I’m proud to be part of a team with people like Zak Mitchell who creates regular, uplifting, and insightful videos that make the online Fairbanks community feel more alive and supported. Or Brynn Butler on the front lines, pouring her energy day in and day out on behalf of Fairbanks’ homeless population at the temporary Warming Center. Even those whose roles here have suddenly felt far less defined are embracing the humility and patience it takes to just be available and show daily kindness to themselves and those immediately around them.
As for me, I slid under the door into Fairbanks Indiana-Jones-style before everything shut down. I had three days to explore the city before businesses started to close.
Thankfully, I was able to meet the other VISTA’s one time face-to-face over a pickle pizza lunch ordered from the local restaurant Hungry Robot (that was surprisingly good?) before social distancing ramped up. Despite having arrived in Fairbanks like this, my move to Alaska was by far the smoothest transition I have ever had – and I have moved a lot. Between Ashton Varner, our current VISTA leader who has stayed well past her service end date due to the virus, and Meagan Scheer, a previous VISTA leader still living here in Fairbanks, I had tremendous support finding a very affordable apartment. They donated all the furnishings I currently own and haven’t let up in their humbling generosities and kindness towards me to this day.

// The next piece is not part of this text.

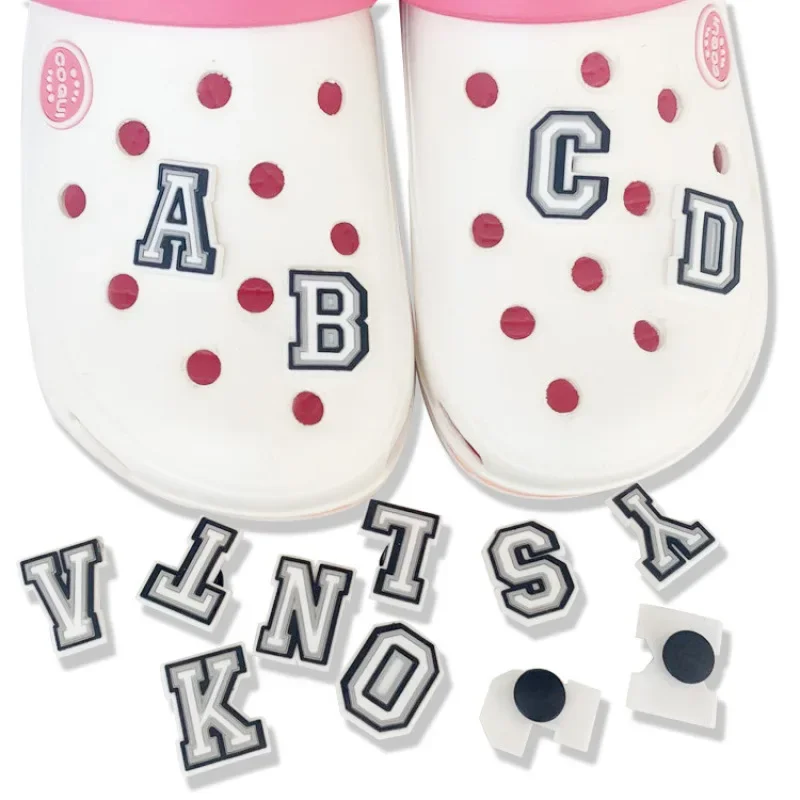 Hole Shoes PVC Letters Decoration Patches Disassembled Accessories Plastic Name ABC Badge Figures Applique Alphabet Sticker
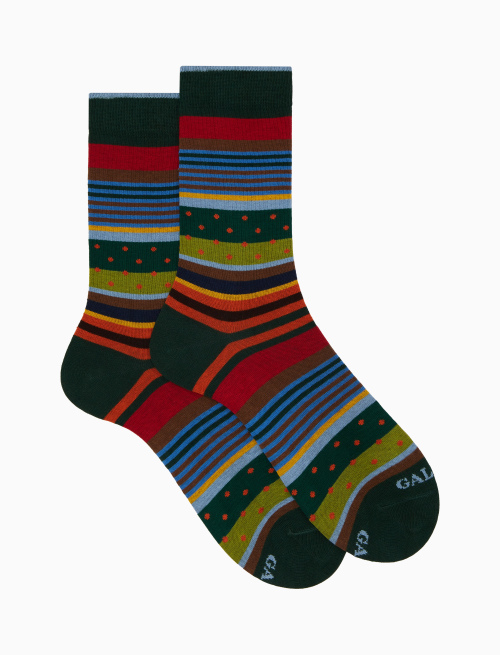 Men's short green cotton socks with stripes and polka dots - Windsor | Gallo 1927 - Official Online Shop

With this backbone of support and community, I haven’t experienced the “fish-out-of-water” feeling one might expect moving to a new state during a pandemic, and I have enjoyed starting work with United Way of Tanana Valley. I am on a team with three strong, incredible women - Brenda Riley, Sarah Canoy, and Heidi Kampwerth - who have been nothing but inspiring to work with, and I can’t tell you how powerful it is to see them take on the needs of Fairbanks with high-level efficiency and communication – all while maintaining a healthy sense of humor and camaraderie. I have only met one of the three in person as all our interactions are virtual through programs like Slack and Zoom. I truly can’t imagine this pandemic without technology, as 100% of my work depends on it.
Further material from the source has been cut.